CIUDAD DE MÉXICO: El Café Córdoba está en la calle Serapio Rendón casi con la esquina de San Cosme en la colonia San Rafael, dentro de la delegación Cuauhtémoc; Ciudad de México. Al frente se encuentra la abandonada fachada del antiguo Cine Ópera y a unos pasos el teatro Manolo Fábregas. Con esta cercanía a puntos estratégicos y enigmáticos de la ciudad, mis recuerdos y anécdotas en esa calle forman una valiosa parte de mis recursos como escritor.

–Yo lo veo de esta forma:

Hace casi dieciocho años cuando leí una de las biografías del Che me enteré que por esas calles de la Ciudad de México el fotógrafo pobre y doctor con poco futuro conoció su destino en un café en la zona de la calle Puente de Alvarado.

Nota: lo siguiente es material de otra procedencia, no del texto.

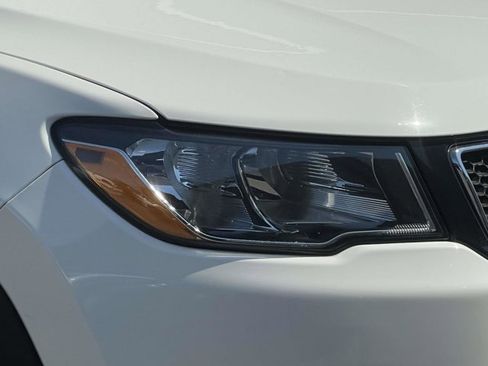 Certified 2018 Jeep Compass Latitude w/ Popular Equipment Group AWD/4WD image 7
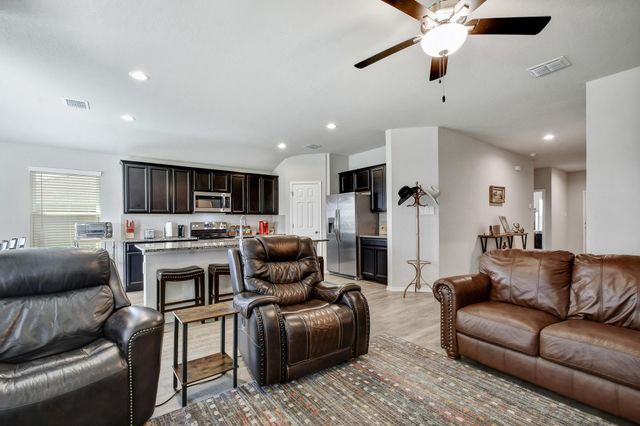 733 PEAK PL, Seguin, TX 78155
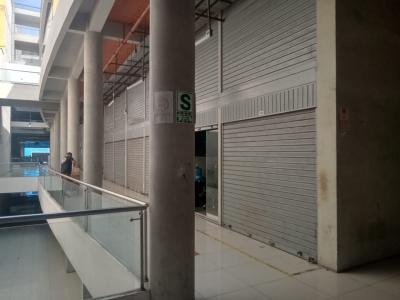 Stand Comercial en El Reloj Malvinas Plaza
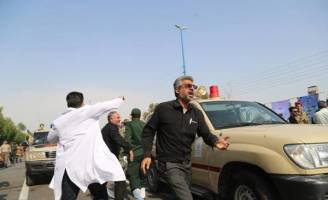 تصاویر: حمله تروریستی به رژه نیرو‌های مسلح در اهواز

Las innumerables versiones de cómo el Che conoció a los cubanos exiliados en el México cincuentero ya no era lo que me llamaba la atención, sino las variadas citas bohemias que se narran en distintos cafés chinos de la zona. ¿Sería que el Che y Fidel alguna vez estuvieron en el Café Córdoba?

También fue culpa de Roberto Bolaño, el día que abrí las primeras páginas de Amuleto y Auxilio Lacouture me contó sobre sus aventuras en esa ciudad negra donde el llanto es neblina, y el escape son los cafés chinos. Lo mismo pasa en los Detectives Salvajes, varias versiones de sus personajes tuvieron sus andadas en esos lugares llenos de un magnetismo fervoroso y un olor a pan horneado, tortas de jamón, enchiladas verdes, milanesas con papas y bísquets untados de natas; acompañado de un café americano para la conversación. Así se planea un futuro literario y las revoluciones eternas, los símbolos se convierten en esferas decoradas con dragones y Confucio, y de budas gordos rodeados de niños. Yo… yo también comencé en un café chino, el de mi bisabuelo.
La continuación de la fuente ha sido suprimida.